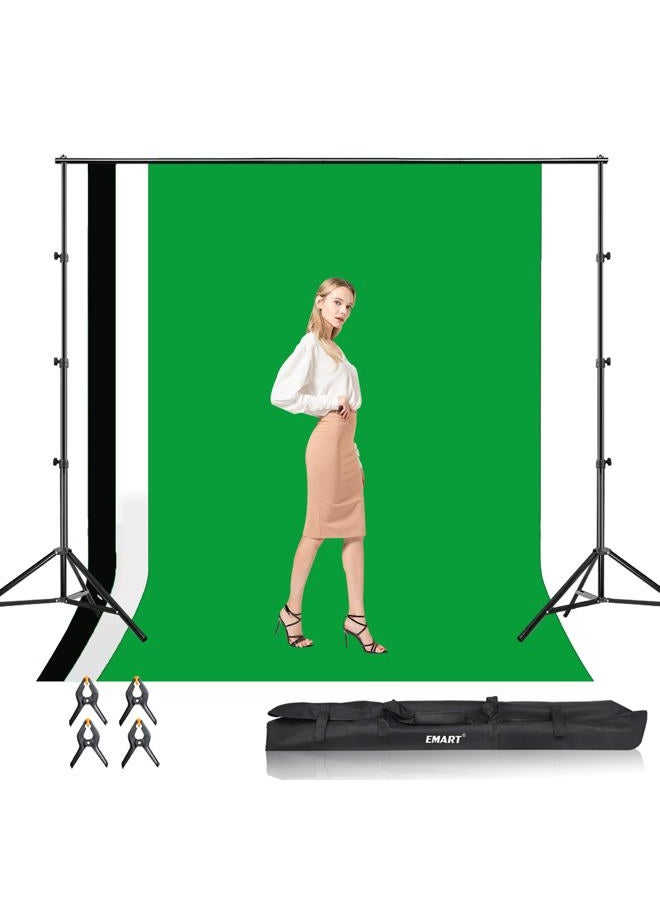 EMART Photo Video Studio Backdrop Stand Kit, 8.5x10ft Adjustable Photography Greenscreen Support System with 3 Polyester Backgrounds for Photoshoot (Black White Green) - Image 1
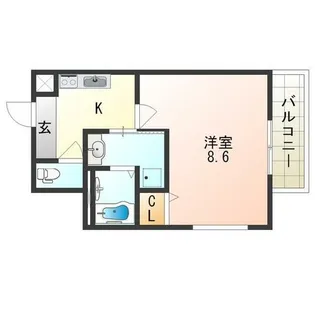 大阪府大阪市平野区瓜破1丁目【アパート】の間取り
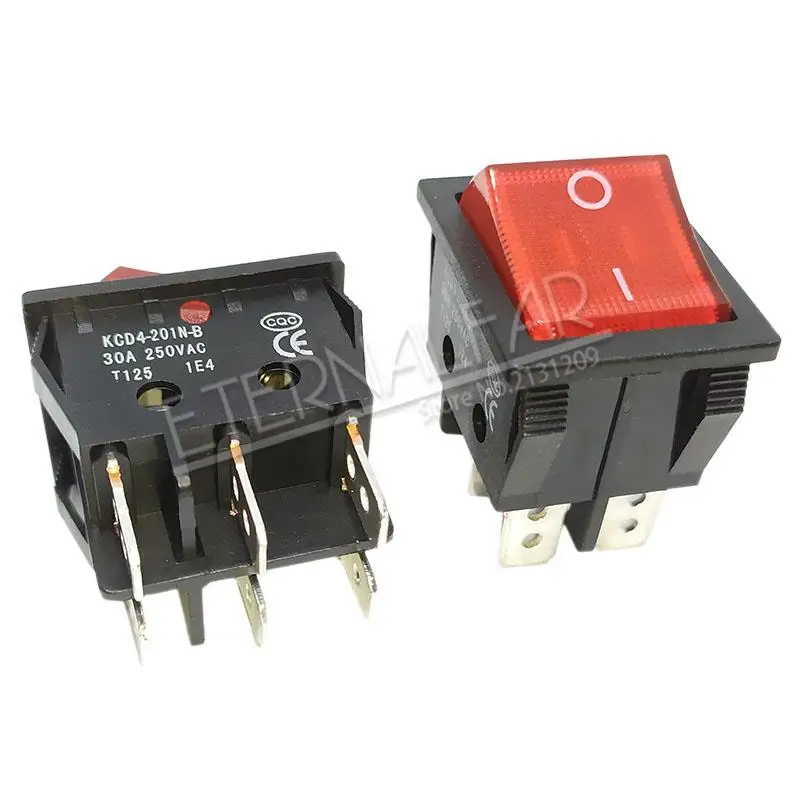 Switch-30A-R-6J2D KCD4 Электрический сварочный аппарат переключатель Тип корабля с высоким током 30A 250 В переменного тока электрическая печь выключатель электрического нагревателя 4PIN - Цвет: Switch-30A-R-6J2D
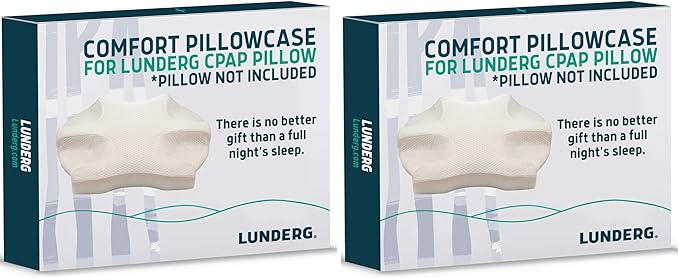 Lunderg Comfort Pillowcase Replacement for Our Memory Foam CPAP Pillow - Premium Comfort Fabric - Pillow NOT Included (Pack of 2)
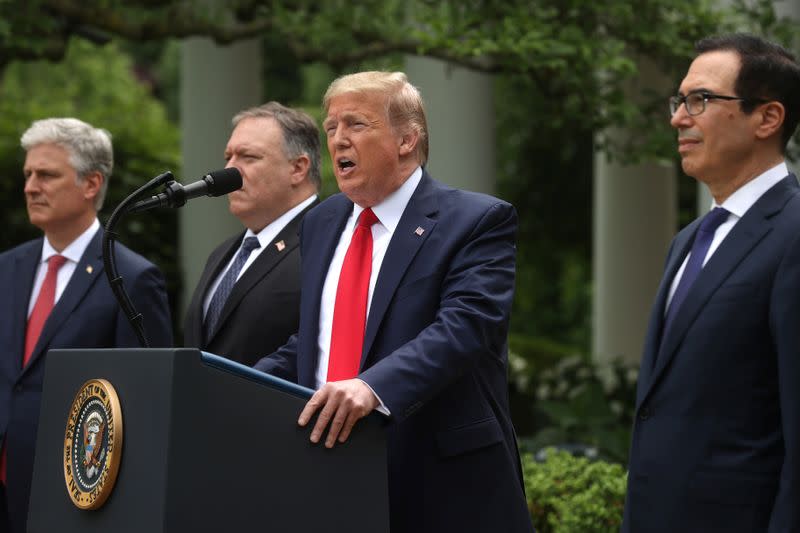 El presidente estadounidense Donalkd Trump hace un anuncio sobre China en la Casa Blanca en Washington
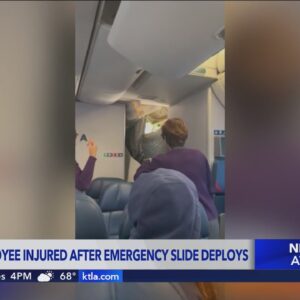 Airline employee injured after emergency slide deployed
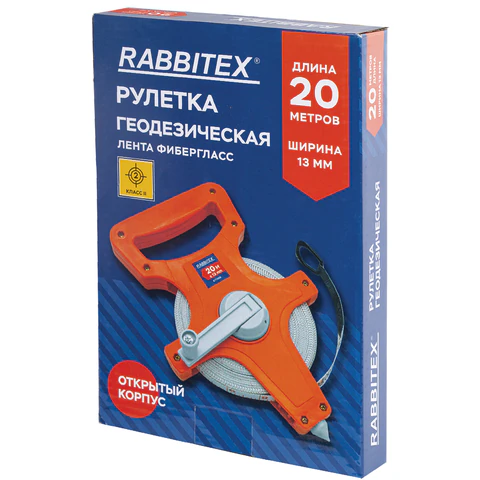 Рулетка геодезическая 20 м х 13 мм, лента фибергласс, открытый корпус, RABBITEX (РАББИТЕКС), 671366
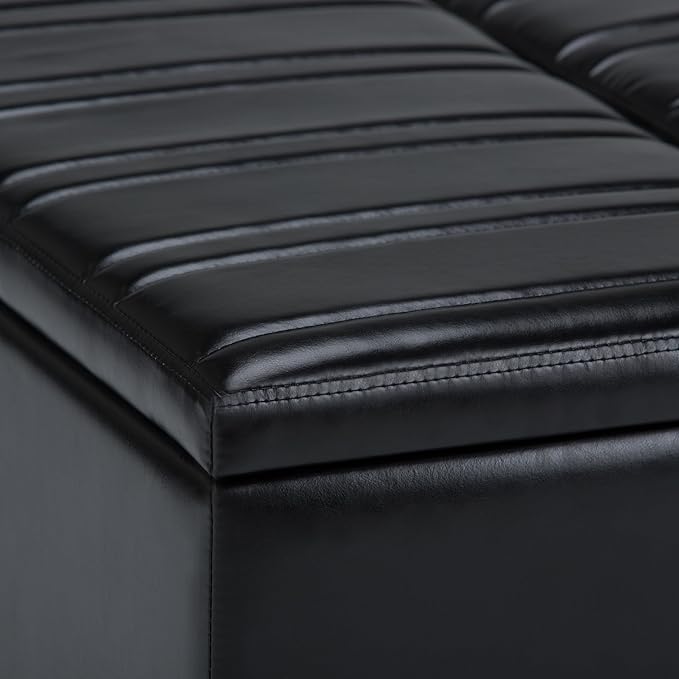 SIMPLIHOME Ellis 36 inch Wide Contemporary Square Coffee Table Storage Ottoman in Midnight Black Vegan Faux Leather, Assembled, For the Living Room and Bedroom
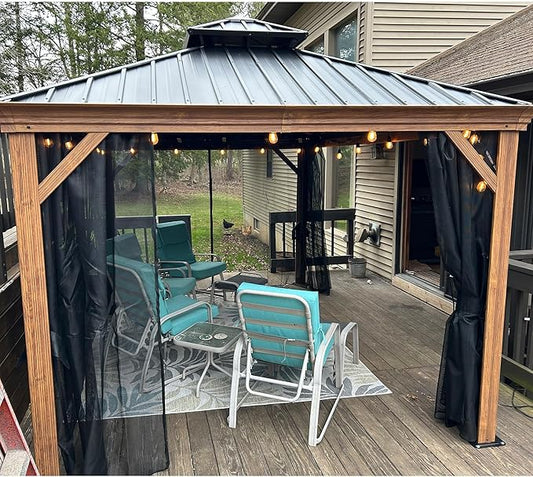PURPLE LEAF 10' X 14' Outdoor Hardtop Gazebo for Patio Galvanized Steel Double Roof Permanent Canopy Teak Finish Coated Aluminum Frame Pavilion Gazebo with Netting and String Lights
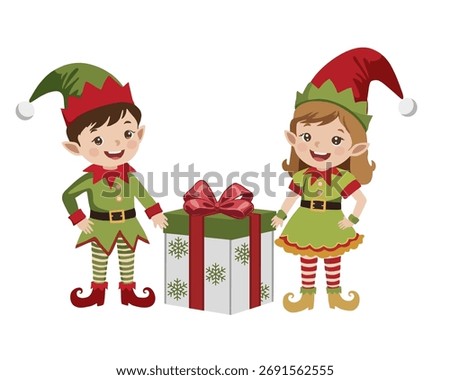 elf christmas character with a present  on white background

== INSTRUCTIONS TO FOLLOW ==
In repeating the entries, exclude the pictures and alter nothing else.

== EXERCISE ANSWER ==
 EMART Photo Video Studio Backdrop Stand Kit, 8.5x10ft Adjustable Photography Greenscreen Support System with 3 Polyester Backgrounds for Photoshoot (Black White Green) - Image 1
 大阪府大阪市平野区瓜破1丁目【アパート】の間取り
 Switch-30A-R-6J2D KCD4 Электрический сварочный аппарат переключатель Тип корабля с высоким током 30A 250 В переменного тока электрическая печь выключатель электрического нагревателя 4PIN - Цвет: Switch-30A-R-6J2D
 Lunderg Comfort Pillowcase Replacement for Our Memory Foam CPAP Pillow - Premium Comfort Fabric - Pillow NOT Included (Pack of 2)
 El presidente estadounidense Donalkd Trump hace un anuncio sobre China en la Casa Blanca en Washington
 Airline employee injured after emergency slide deployed
 Рулетка геодезическая 20 м х 13 мм, лента фибергласс, открытый корпус, RABBITEX (РАББИТЕКС), 671366
 SIMPLIHOME Ellis 36 inch Wide Contemporary Square Coffee Table Storage Ottoman in Midnight Black Vegan Faux Leather, Assembled, For the Living Room and Bedroom
PURPLE LEAF 10' X 14' Outdoor Hardtop Gazebo for Patio Galvanized Steel Double Roof Permanent Canopy Teak Finish Coated Aluminum Frame Pavilion Gazebo with Netting and String Lights
 elf christmas character with a present  on white background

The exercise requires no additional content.